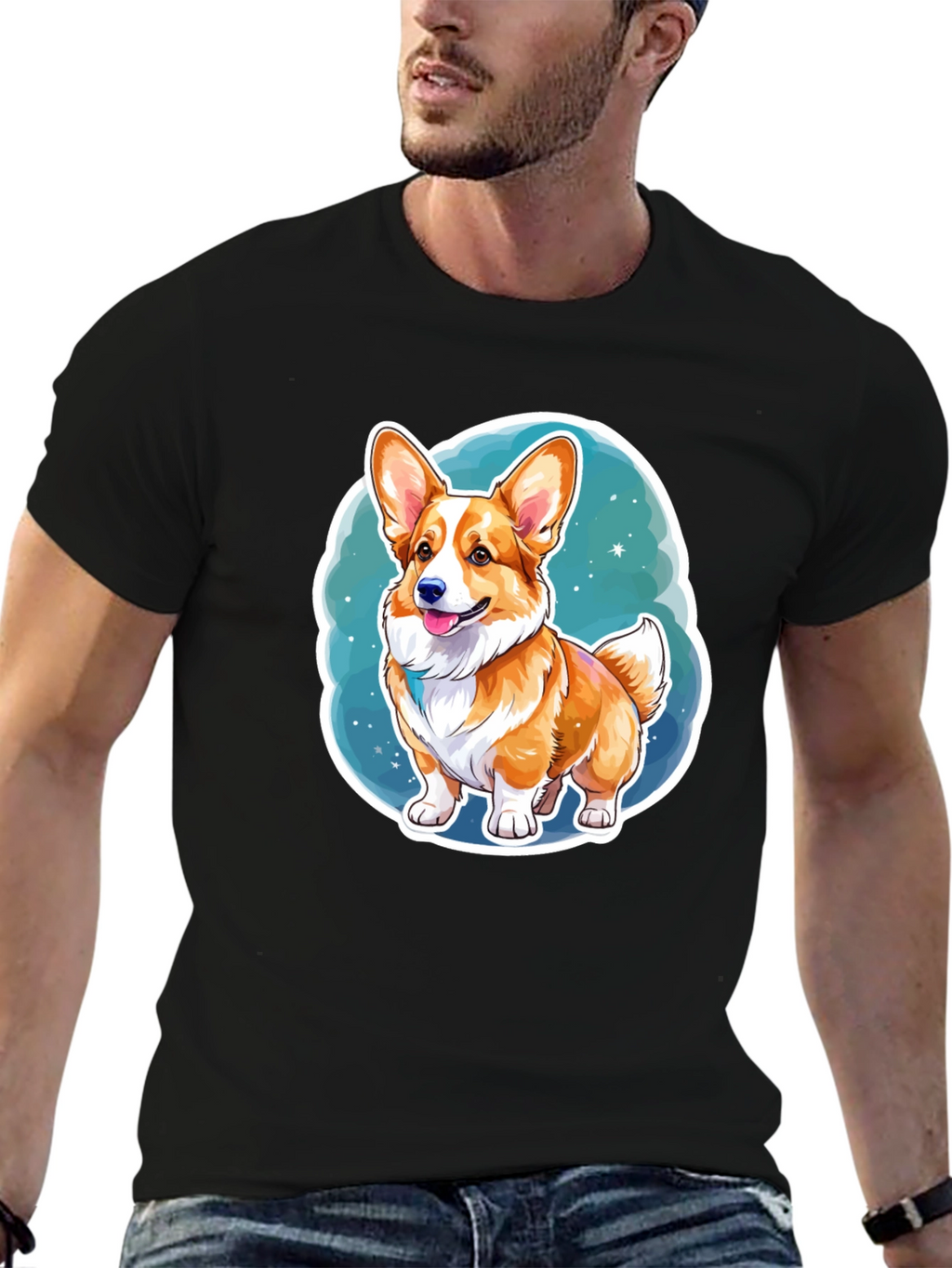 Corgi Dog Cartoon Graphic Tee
:::::
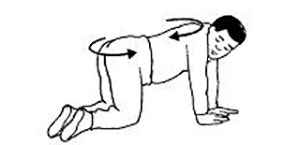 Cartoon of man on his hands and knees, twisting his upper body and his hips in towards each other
:::::
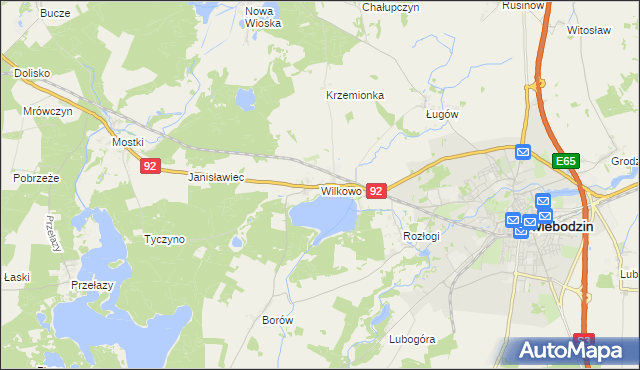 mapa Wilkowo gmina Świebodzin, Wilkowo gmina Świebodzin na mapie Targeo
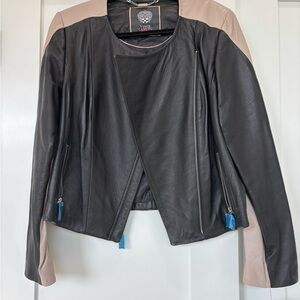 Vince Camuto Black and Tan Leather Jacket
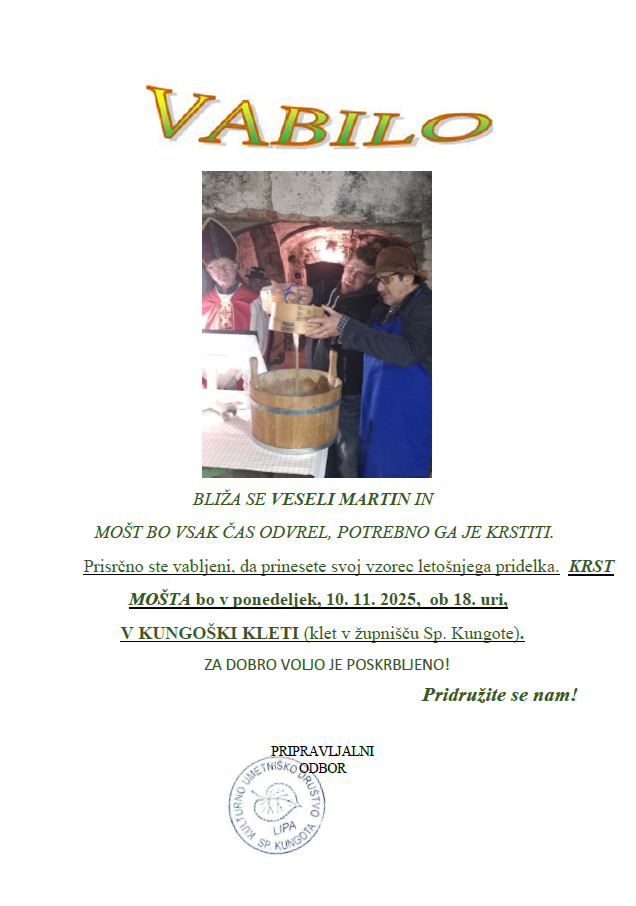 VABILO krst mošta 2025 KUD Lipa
:::::
Directions =
Could you output exactly the lines above, from the line with "Vince Camuto Black and Tan Leather Jacket" up to and including the line with "VABILO krst mošta 2025 KUD Lipa", and nothing else, skipping the pictures?

Exercise response =
 Vince Camuto Black and Tan Leather Jacket
 VABILO krst mošta 2025 KUD Lipa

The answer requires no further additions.